• **Task**: Since the records include pictures, leave those out while you reproduce exactly and only the lines from the one containing "Premium All-in-One Kit" through the one containing "Clipart of a", inclusive.

*** Record set ***

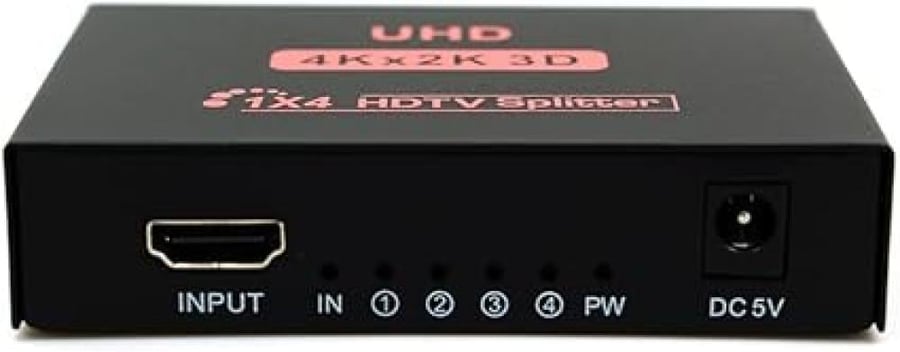 VKBAND HDMI 1 in 4 out V1.4 distributor works with 1 × 4 ports fully supports Ultra HD 1080P 4K / 2K and 3D resolution (1 input to 4 outputs)
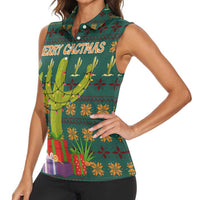 Cactus Gifts Christmas Women Sleeveless Polo Shirt Xmas Holiday Patterns - Wonder Print Shop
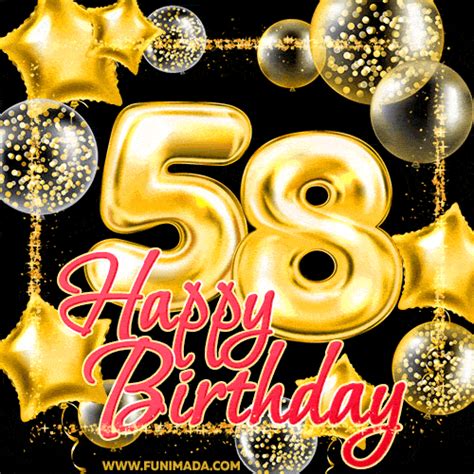 Wishing You Many Golden Years Ahead Happy 58th Birthday Animated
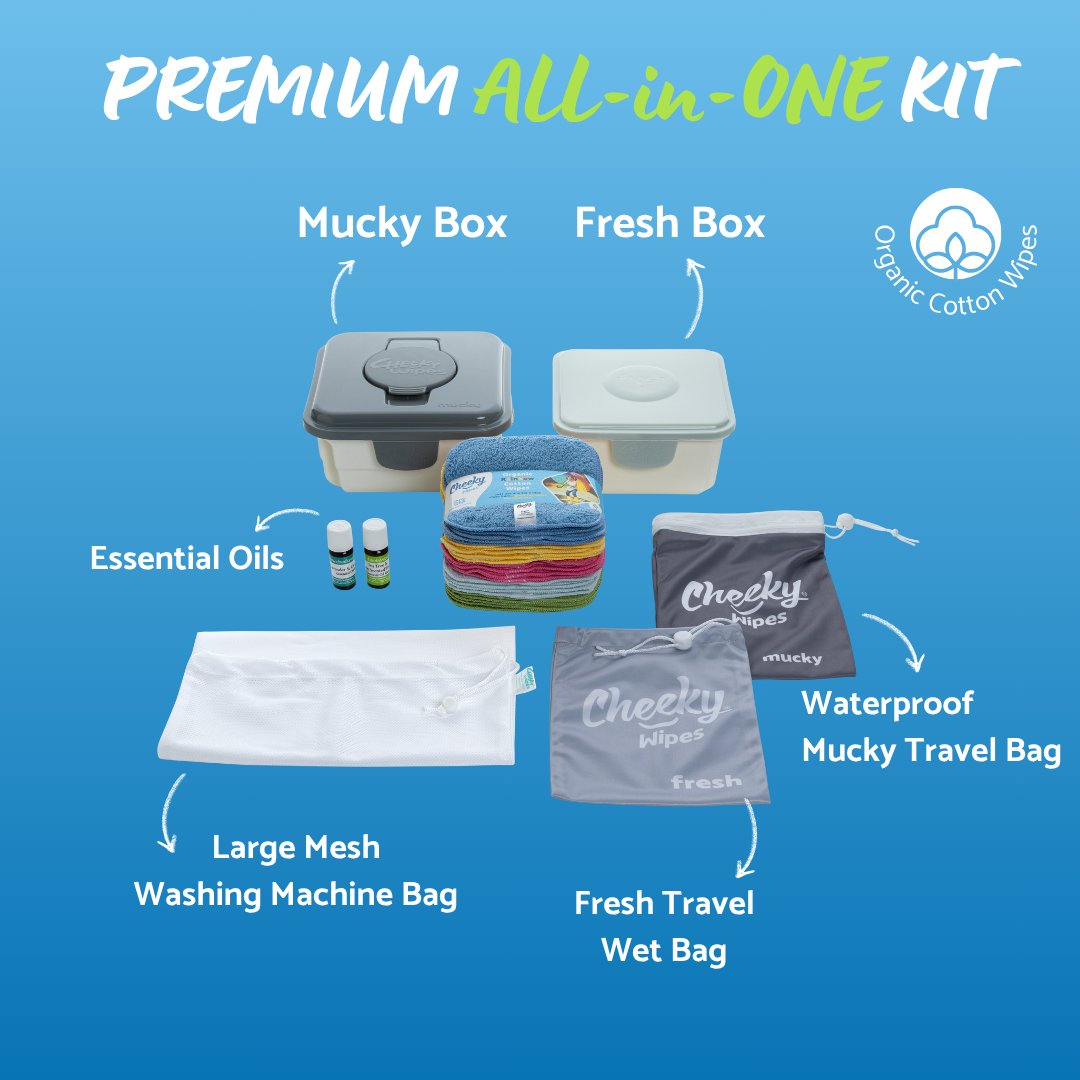 Premium All-in-One Kit Organic Cotton - Washable Baby Wipes - Grey Box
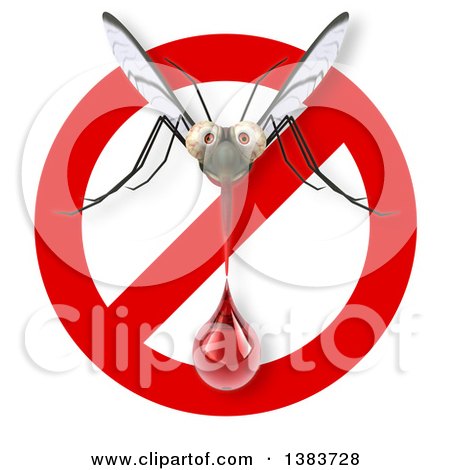 Clipart of a 3d Mosquito, on a White Background - Royalty Free Illustration by Julos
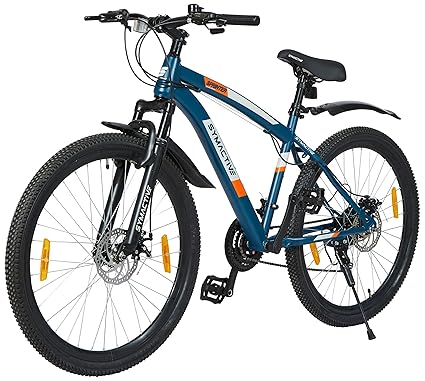 Amazon Brand - Symactive Sprinter S2000 Series, 26T Geared Mountain Bike (Shimano 21-Speed Gear), Front Suspension, Dual Disc Brake, Frame Size: 16.5 inch, Alloy Stem (Blue, Unisex)
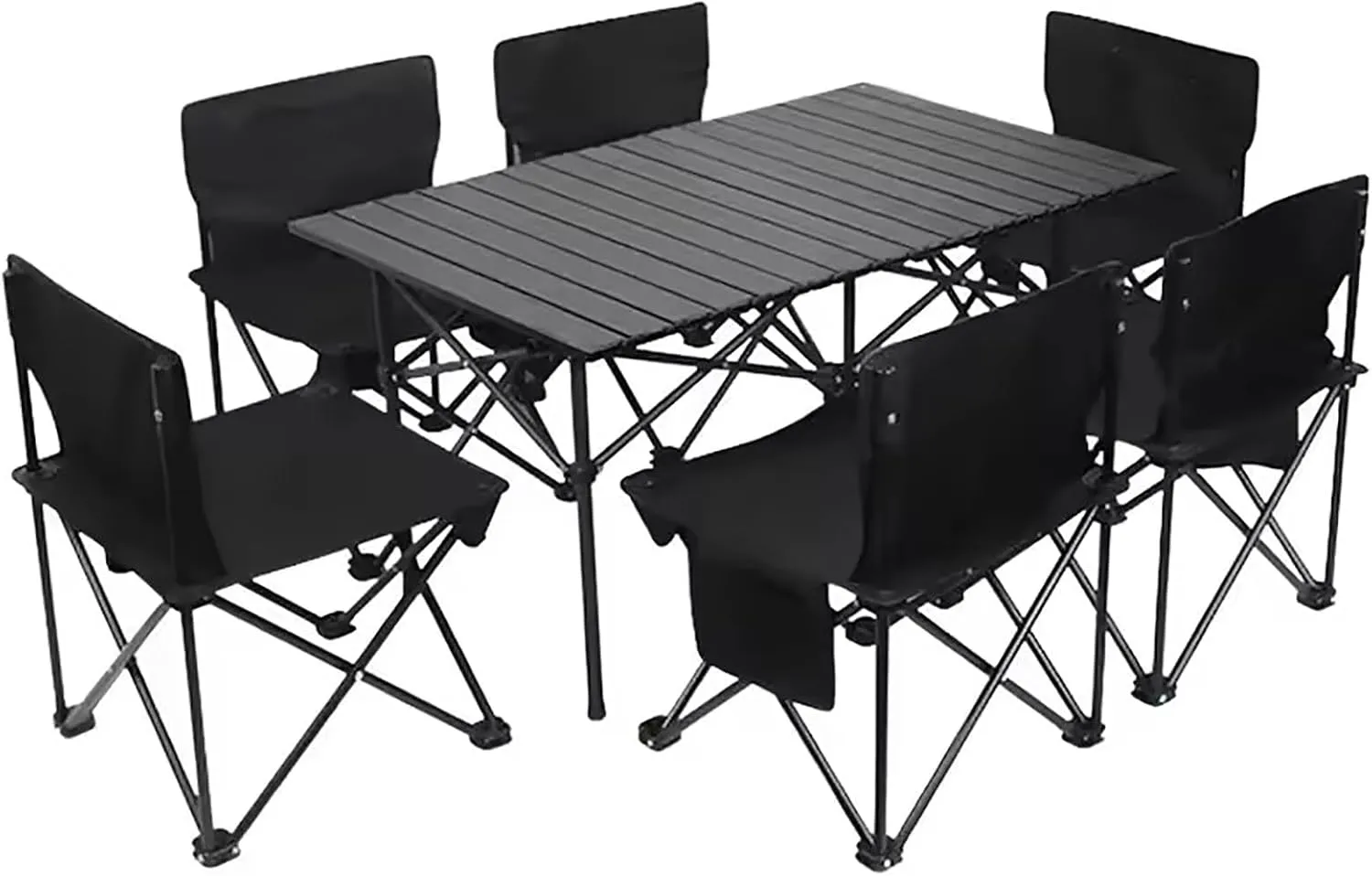 7-Piece Camping Table and Chair Set – Portable Table and Foldable Chairs with Storage Bags, Camping Chair with Table Set,Black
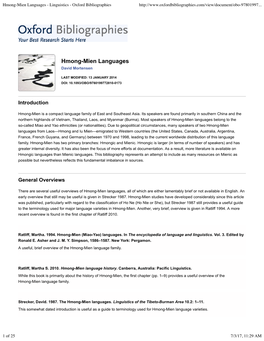 Hmong-Mien Languages - Linguistics - Oxford Bibliographies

***

• **Problem solution**:
 Premium All-in-One Kit Organic Cotton - Washable Baby Wipes - Grey Box
 Clipart of a 3d Mosquito, on a White Background - Royalty Free Illustration by Julos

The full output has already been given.